# ASSIGNMENT:
Return the lines below exactly, please, from the one containing "Meet your Posher, Molly" through the last one, both included, and leave out any pictures.

# SUPPLIED MATERIAL:
»»
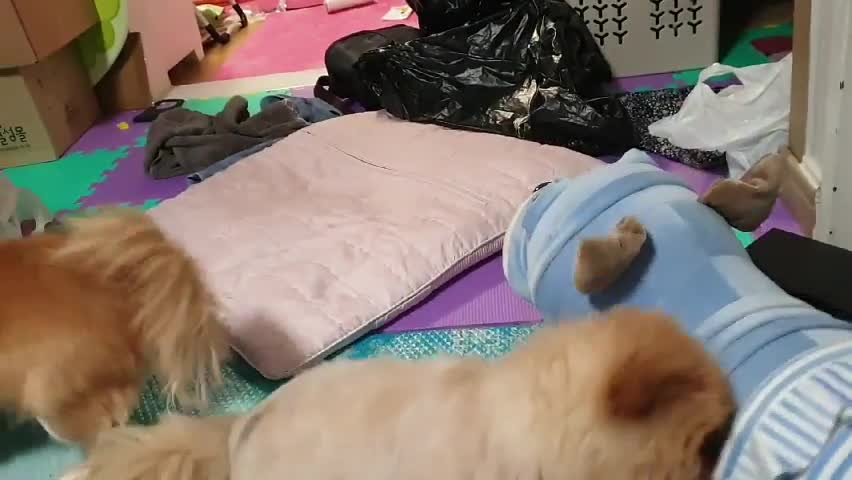 Puppet biting puppy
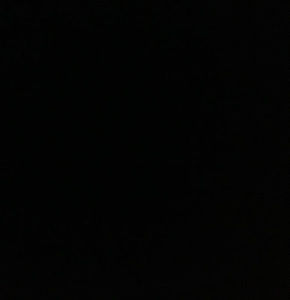 Meet your Posher, Molly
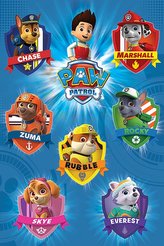 Plakát Paw Patrol|Tlapková Patrola: Tým (61 x 91,5 cm)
««
# RESULT OF THE EXERCISE:
 Meet your Posher, Molly
 Plakát Paw Patrol|Tlapková Patrola: Tým (61 x 91,5 cm)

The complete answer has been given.